ここで注目したいのは、3:0ではないことです。
そもそもネガティブな感情を0にすることはできないですね。生きていれば悲しみや怒り、嫉妬を引き起こす事態を避けることはできません。
それではネガティブな感情は邪魔でしかないものかというと、そうではありません。
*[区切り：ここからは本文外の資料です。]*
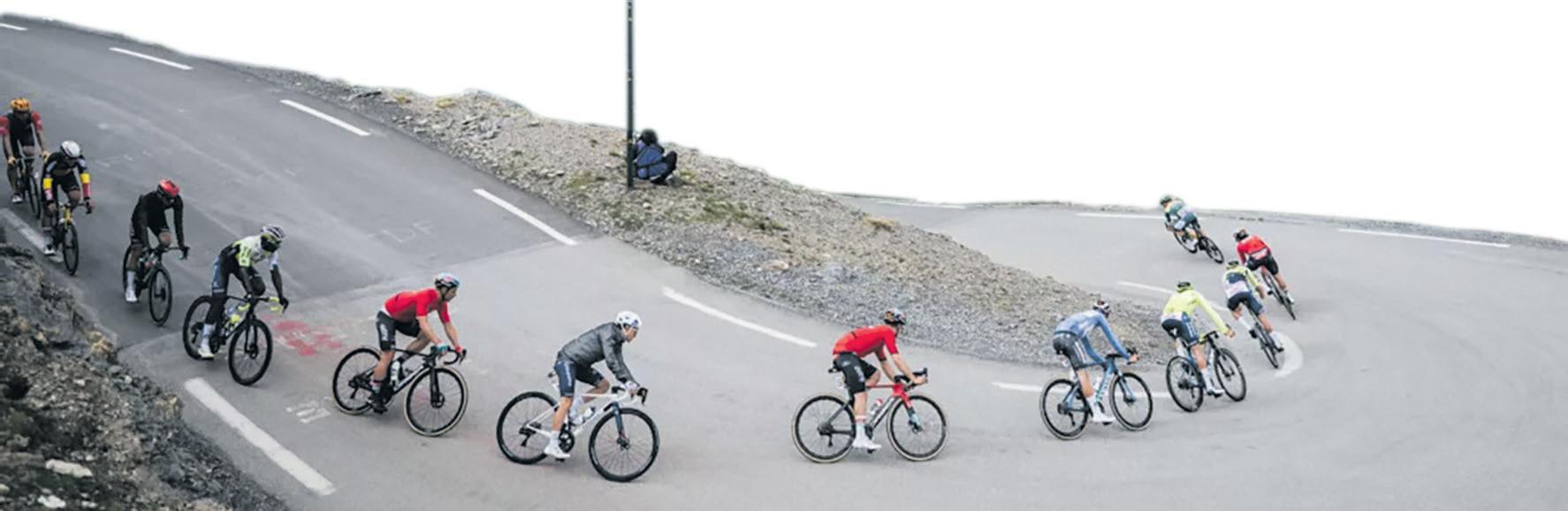 Elite cyclists gear up for new controversial slow-down rules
行き過ぎたポジティブ思考にブレーキをかけ、リスク管理をしてくれる役割がネガティブ感情にはあります。
また、不幸感があるからこそ、もっと幸せになりたいという気持ちになり、行動の原動力にもなり得るのです。
ポジティブ心理学者のショーン・エイカーさんは、ネガティブ感情をワクチンに例えています。
ワクチン接種し、あえてウィルスを体内に入れることで免疫ができて身体が守られるように、ネガティブ感情が脅威から身を守ってくれるのですね。
ネガティブ感情で危険から身を守りつつ、それ以上にポジティブな感情が高まることで、頭もよく働き、精神的にも豊かになり、相手を思いやる気持ちも大きくなって、仕事や家庭生活がより充実していきます。
3:1のバランスを保つことで、ポジティブとネガティブ、両方の恩恵を受けられるのですね。
驚くべき感情の“伝染力”
ポジティブにしろネガティブにしろ、感情には“伝染力”があるともいわれています。
心理学研究によると、私たちは、周りの人のネガティブ感情、ストレス、無気力などを、受動喫煙のように取り込んでしまうことがわかっているそうです。
また、「職場における不安のほぼ 90%は、わずか5%の、エネルギーを吸い取る人々が生み出している」とする研究結果もあります。
チームや家族のなかで一人でも過度にストレスにさいなまれたり、不満を露わにしたりする人がいると、全体の雰囲気は確実に悪化の一途をたどってしまうのですね。
タバコの副流煙は嫌って、注意を払う人も、ネガティブ感情の副流煙には無防備で、知らず識らずのうちに被害を受けている人も多いのではないでしょうか。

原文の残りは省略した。